Larry Elder

The Democratic Party takes blacks for granted, according to former Democratic Party presidential candidate Rev. Al Sharpton.
Never mind that each one of the 2004 Democratic presidential candidates pledged to support race-based preferences. Or that the Democratic Party agrees with the NAACP's opposition to vouchers, arguing that they threaten a child's ability to get a good education.

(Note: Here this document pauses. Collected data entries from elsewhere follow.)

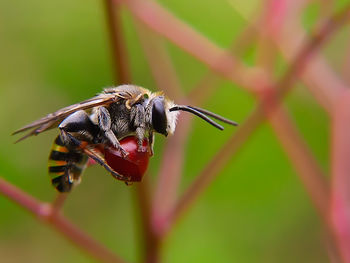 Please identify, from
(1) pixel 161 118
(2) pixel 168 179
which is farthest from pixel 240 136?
(1) pixel 161 118

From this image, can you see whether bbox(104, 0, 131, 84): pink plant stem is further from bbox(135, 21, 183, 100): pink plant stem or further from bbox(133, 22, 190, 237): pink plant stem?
bbox(135, 21, 183, 100): pink plant stem

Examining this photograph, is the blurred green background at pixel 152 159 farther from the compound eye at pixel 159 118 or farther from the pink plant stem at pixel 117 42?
the compound eye at pixel 159 118

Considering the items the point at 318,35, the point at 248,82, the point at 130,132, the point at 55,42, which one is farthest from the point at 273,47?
the point at 55,42

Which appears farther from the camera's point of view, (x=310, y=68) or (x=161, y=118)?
(x=310, y=68)

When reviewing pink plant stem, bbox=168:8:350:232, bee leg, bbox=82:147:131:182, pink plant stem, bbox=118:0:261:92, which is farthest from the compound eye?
pink plant stem, bbox=118:0:261:92

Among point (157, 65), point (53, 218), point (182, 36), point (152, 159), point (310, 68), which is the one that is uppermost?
point (310, 68)

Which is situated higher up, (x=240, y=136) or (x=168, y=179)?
(x=240, y=136)

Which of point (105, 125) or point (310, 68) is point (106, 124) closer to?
point (105, 125)

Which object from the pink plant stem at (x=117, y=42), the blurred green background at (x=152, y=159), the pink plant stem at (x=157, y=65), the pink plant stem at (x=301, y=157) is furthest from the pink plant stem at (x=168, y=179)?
the blurred green background at (x=152, y=159)

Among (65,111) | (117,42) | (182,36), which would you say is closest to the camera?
(65,111) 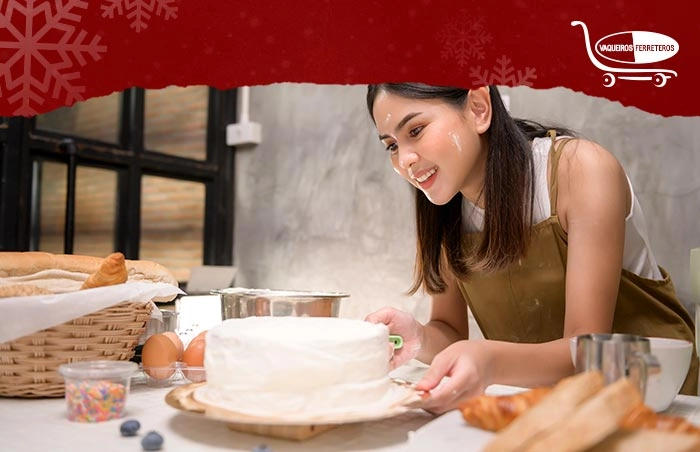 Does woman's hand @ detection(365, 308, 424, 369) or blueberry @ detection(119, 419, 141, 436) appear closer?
blueberry @ detection(119, 419, 141, 436)

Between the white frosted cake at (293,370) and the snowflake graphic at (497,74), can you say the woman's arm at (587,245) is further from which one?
the white frosted cake at (293,370)

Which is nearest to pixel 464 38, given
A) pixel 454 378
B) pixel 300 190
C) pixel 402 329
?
pixel 402 329

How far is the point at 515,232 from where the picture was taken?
1.34 meters

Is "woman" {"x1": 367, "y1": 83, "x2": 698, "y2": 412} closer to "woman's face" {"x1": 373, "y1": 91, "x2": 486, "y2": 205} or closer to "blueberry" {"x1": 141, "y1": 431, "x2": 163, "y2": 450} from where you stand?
"woman's face" {"x1": 373, "y1": 91, "x2": 486, "y2": 205}

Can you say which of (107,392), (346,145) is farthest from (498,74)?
(346,145)

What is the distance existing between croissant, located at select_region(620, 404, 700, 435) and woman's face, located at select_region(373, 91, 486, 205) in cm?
80

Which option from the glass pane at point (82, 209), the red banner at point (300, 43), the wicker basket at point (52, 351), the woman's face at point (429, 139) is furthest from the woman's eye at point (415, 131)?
the glass pane at point (82, 209)

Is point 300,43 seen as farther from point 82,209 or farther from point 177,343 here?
point 82,209

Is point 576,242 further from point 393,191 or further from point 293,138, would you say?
point 293,138

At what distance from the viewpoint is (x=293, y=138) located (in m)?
3.27

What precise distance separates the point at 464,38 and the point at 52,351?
1.04 metres

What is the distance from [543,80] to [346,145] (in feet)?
3.72

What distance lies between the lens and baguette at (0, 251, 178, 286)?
3.52ft

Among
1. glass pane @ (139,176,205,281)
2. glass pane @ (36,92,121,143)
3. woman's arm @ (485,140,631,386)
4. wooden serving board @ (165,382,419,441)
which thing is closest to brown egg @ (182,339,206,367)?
wooden serving board @ (165,382,419,441) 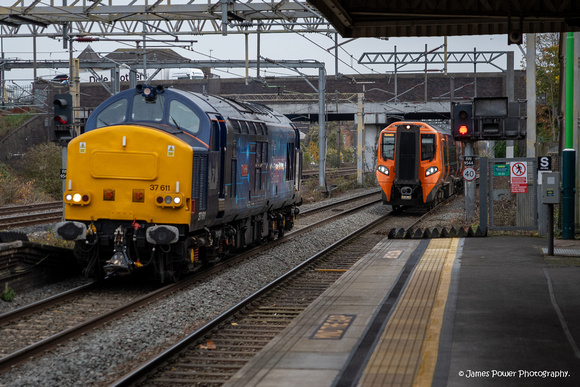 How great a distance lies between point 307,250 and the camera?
59.9ft

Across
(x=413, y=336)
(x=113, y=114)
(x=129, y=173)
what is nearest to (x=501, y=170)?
(x=113, y=114)

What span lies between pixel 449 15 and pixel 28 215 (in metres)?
15.8

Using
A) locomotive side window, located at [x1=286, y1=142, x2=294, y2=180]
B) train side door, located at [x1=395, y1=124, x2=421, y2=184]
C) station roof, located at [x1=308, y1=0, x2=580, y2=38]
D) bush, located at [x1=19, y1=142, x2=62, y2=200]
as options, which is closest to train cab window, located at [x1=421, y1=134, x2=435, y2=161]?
train side door, located at [x1=395, y1=124, x2=421, y2=184]

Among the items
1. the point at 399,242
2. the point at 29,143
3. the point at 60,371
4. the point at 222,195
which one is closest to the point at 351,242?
the point at 399,242

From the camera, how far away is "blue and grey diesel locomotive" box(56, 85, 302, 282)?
11938mm

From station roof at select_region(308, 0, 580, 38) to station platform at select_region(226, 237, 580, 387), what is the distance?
13.2 feet

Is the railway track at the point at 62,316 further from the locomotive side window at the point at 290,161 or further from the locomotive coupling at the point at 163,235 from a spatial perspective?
the locomotive side window at the point at 290,161

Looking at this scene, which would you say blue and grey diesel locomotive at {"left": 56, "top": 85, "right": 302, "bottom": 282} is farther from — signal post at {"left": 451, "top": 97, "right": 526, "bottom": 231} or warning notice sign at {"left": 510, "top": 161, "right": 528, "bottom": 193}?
warning notice sign at {"left": 510, "top": 161, "right": 528, "bottom": 193}

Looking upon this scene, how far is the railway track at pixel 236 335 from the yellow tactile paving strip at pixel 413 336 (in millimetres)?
1548

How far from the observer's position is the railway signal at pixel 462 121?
18.9 m

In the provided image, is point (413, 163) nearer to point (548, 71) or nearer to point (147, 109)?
point (147, 109)

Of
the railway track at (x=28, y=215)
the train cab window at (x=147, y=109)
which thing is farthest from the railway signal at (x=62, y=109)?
the railway track at (x=28, y=215)

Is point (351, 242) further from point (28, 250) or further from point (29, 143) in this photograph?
point (29, 143)

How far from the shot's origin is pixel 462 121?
1909cm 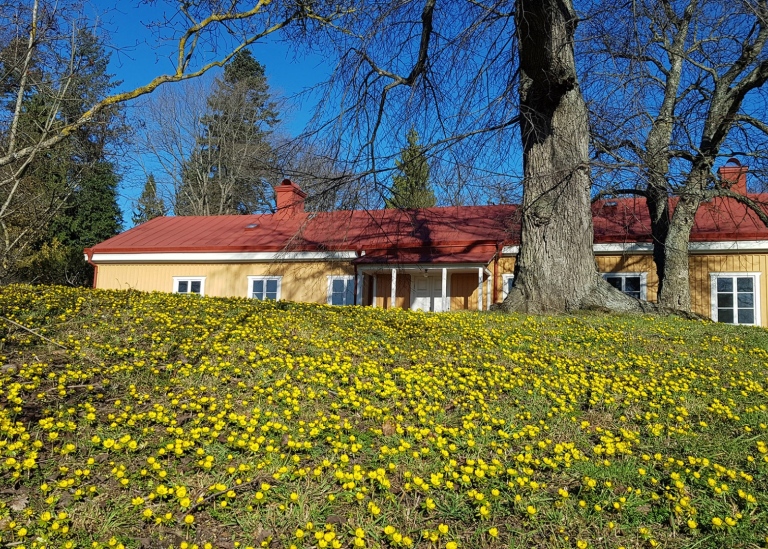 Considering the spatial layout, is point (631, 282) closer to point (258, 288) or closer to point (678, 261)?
point (678, 261)

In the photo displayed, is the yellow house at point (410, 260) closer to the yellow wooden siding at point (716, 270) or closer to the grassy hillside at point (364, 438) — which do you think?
the yellow wooden siding at point (716, 270)

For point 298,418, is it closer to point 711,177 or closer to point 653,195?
point 653,195

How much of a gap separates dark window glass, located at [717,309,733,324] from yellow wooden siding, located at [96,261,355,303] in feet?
31.2

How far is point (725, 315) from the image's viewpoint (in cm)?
1498

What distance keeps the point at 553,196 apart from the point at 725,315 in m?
8.10

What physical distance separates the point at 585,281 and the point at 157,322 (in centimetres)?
648

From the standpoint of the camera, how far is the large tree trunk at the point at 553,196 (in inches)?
366

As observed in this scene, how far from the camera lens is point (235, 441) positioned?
4055mm

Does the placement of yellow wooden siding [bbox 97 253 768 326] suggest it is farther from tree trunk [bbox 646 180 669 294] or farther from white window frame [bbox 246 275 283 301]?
tree trunk [bbox 646 180 669 294]

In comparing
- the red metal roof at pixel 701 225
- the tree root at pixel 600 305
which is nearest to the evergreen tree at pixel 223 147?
the red metal roof at pixel 701 225

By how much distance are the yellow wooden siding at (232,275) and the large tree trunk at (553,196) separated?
8.22 m

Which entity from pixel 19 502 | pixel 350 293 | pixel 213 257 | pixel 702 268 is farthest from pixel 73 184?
pixel 702 268

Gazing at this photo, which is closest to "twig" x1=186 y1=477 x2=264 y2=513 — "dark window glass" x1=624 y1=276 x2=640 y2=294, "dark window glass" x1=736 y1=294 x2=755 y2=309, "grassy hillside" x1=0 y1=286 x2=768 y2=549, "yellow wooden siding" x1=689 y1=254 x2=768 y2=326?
"grassy hillside" x1=0 y1=286 x2=768 y2=549

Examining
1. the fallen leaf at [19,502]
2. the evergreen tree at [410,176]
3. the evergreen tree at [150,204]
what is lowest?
the fallen leaf at [19,502] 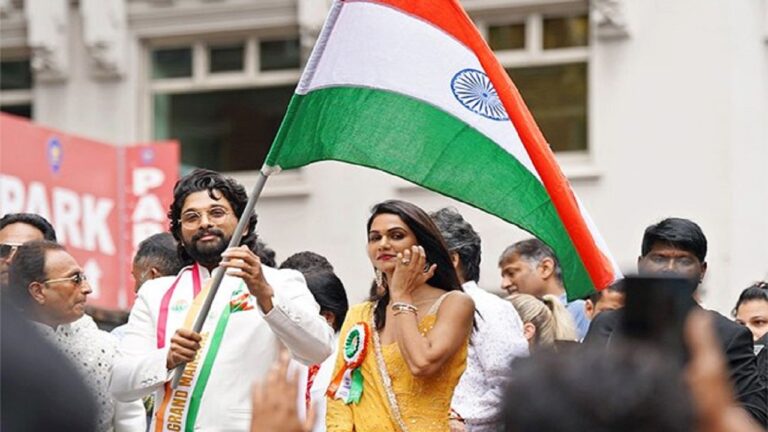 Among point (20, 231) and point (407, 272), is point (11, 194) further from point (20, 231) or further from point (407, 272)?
point (407, 272)

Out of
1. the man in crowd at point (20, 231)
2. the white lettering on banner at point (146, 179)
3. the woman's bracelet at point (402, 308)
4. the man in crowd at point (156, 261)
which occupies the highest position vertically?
the white lettering on banner at point (146, 179)

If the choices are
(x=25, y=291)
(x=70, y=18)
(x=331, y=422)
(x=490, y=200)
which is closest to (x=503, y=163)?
(x=490, y=200)

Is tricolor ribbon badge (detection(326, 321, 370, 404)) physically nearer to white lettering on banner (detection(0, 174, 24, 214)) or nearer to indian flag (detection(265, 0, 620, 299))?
indian flag (detection(265, 0, 620, 299))

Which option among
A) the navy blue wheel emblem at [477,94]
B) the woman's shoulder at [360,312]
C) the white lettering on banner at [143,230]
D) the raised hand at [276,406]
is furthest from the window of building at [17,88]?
the raised hand at [276,406]

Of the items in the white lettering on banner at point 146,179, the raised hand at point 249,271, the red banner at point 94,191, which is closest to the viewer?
the raised hand at point 249,271

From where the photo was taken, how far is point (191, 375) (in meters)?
6.38

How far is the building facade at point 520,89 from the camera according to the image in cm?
1652

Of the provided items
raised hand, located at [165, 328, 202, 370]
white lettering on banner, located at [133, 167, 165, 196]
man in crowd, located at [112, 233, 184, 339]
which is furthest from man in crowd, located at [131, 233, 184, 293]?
white lettering on banner, located at [133, 167, 165, 196]

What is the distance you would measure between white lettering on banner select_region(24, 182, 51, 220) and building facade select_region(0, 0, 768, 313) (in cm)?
343

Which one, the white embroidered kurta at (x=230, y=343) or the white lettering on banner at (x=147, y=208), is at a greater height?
the white lettering on banner at (x=147, y=208)

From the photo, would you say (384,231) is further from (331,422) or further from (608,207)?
(608,207)

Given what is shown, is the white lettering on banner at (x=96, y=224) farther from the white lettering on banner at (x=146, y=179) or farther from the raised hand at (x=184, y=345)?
the raised hand at (x=184, y=345)

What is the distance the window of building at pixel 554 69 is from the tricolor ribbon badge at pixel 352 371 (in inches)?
438

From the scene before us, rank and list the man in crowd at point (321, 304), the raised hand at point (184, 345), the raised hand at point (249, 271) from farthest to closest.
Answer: the man in crowd at point (321, 304) → the raised hand at point (184, 345) → the raised hand at point (249, 271) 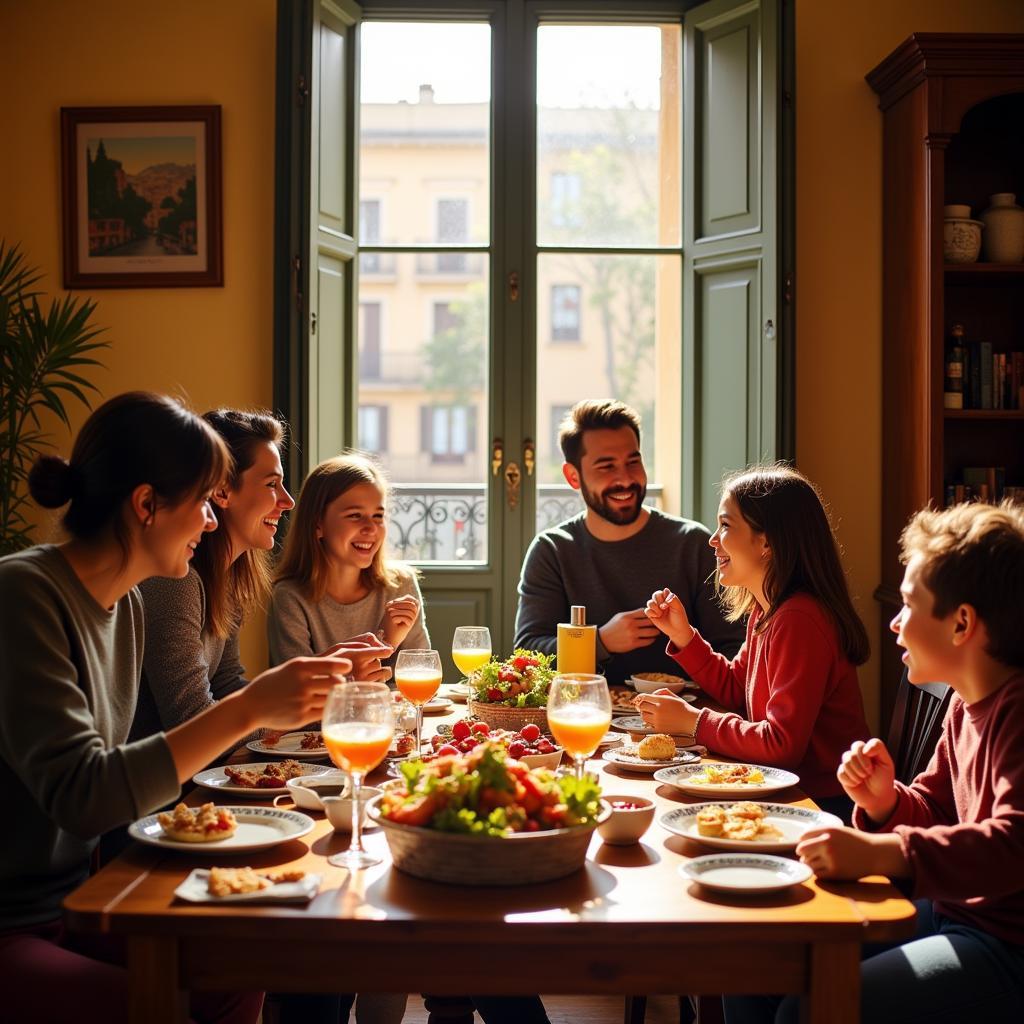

Or that the Democratic Party, like the Congressional Black Caucus, the NAACP and the Urban League, all support some form of Hillary-Care.

 Take blacks for granted? Democratic candidates, almost on cue, troop down to black churches around election time, precisely so that no one argues that the candidate takes blacks for granted. On taxes, spending, race-based preferences, skepticism about the War in Iraq and opposition to private Social Security savings accounts, the Democratic Party takes the position held by most blacks, and most blacks take the position held by the Democratic Party. What's left? Reparations for slavery?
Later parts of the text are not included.